Morgane : On dit souvent que la pâtisserie est un métier créatif et stimulant. On fait rêver les gens : lorsque les personnes entrent en boutique, elles ont les yeux qui brillent. Mais entre produire à la maison et au travail, il y a tout un monde. D’abord, ce ne sont pas les mêmes quantités. Il peut donc y avoir un aspect répétitif dans le fait de réaliser cinquante éclairs au chocolat. Mais cela dépend aussi de l’entreprise dans laquelle tu travailles, car toutes n’envoient pas au même débit.

Ensuite, même si je savais que l’hygiène était très importante – on nourrit des personnes – je n’avais pas réalisé que la moitié de mon travail consisterait en du nettoyage. C’est la base et c’est normal, c’est une question de sécurité. Autre point auquel je ne m'attendais pas :  j'ai parfois travaillé avec des personnes qui parlent peu français. Et je suis ravie d’avoir appris l’anglais au cours de mes études, car ça m'aidait beaucoup pour communiquer au quotidien.

En matière d’expérience collaborateur, quête de sens, équilibre vie professionnelle/ vie personnelle, avez-vous le sentiment d’avoir gagné ou perdu en qualité ? Et pourquoi ?
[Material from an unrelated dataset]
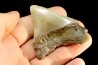 dent de requin: CARCHARODON MEGALODON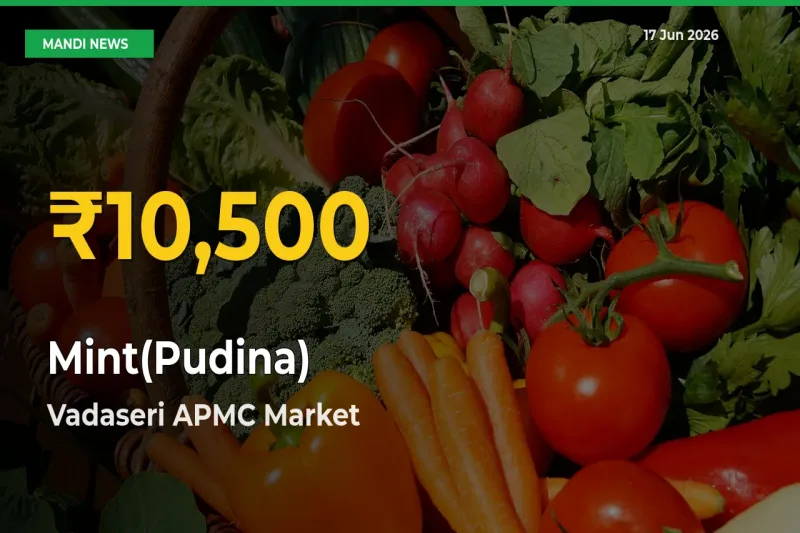 Mint(Pudina) Prices Soar to Record High in Vadaseri APMC – Farmers Alert Today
Morgane : Je n’ai pas du tout perdu en qualité de vie. Je pense que lorsqu’on exerce le métier qu’on aime vraiment, on est plus épanoui et on dispose d’une réserve d’énergie en quelque sorte. Faire un métier qui me plaît et me ressemble, ça me booste. Bien sûr, au début, j’avais quelques appréhensions sur les horaires de travail, mais finalement je me suis bien adaptée. En boutique, je commençais très tôt et je terminais en début ou milieu d’après-midi, ce qui me laissait du temps aussi bien pour voir mes proches que pour avoir des activités. C’est vrai que dans la restauration, le décalage est plus palpable surtout en cuisine. Mais j’ai la chance en pâtisserie de travailler en continu, sans coupure. J’ai une vie !
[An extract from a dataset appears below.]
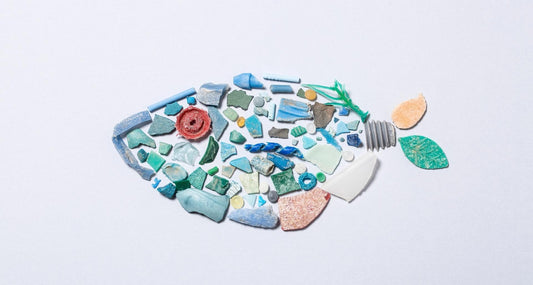 Should You be Concerned about Microplastics?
Justement, les pratiques RH et managériales évoluent beaucoup depuis la pandémie. Quel est votre regard à ce sujet ?

Morgane : Il est difficile pour moi de faire un avant/ après puisque je suis arrivée dans le secteur au moment même du renouvellement des pratiques RH et managériales. Mais je remarque qu’il y a de plus en plus de flexibilité, parce qu’on a tous conscience que ce sont des métiers qui demandent un investissement personnel important et qu’il est nécessaire de revoir les pratiques afin d'améliorer l'équilibre vie professionnelle/ vie privée. Autre point, lorsque j’ai commencé dans le métier, j’ai été surprise par le langage qui peut être brut, direct, et dur parfois. Ça a pour avantage qu’on ne tourne pas autour du pot. Mais ça peut être déstabilisant au début. Dans un univers majoritairement masculin, il a fallu que je m’affirme et que je fasse preuve d’assertivité.

Aujourd’hui, quelles sont vos perspectives d’évolution ? Souhaitez-vous rester dans le secteur ?

Morgane : Je suis ravie de mon poste actuel et je veux profiter de ce moment. Mais oui, j’ai d’autres ambitions pour ma carrière. Passer au grade supérieur en fait partie. Je ne sais pas si dans quinze ans je pratiquerai mon métier de la même manière, mais je projette de rester dans le secteur de la gastronomie. Monter ma propre entreprise , créer mon activité ou même un nouveau métier serait aussi très stimulant. Quand j’étais en marketing, je ne me projetais pas beaucoup. Là, les perspectives sont quasi infinies.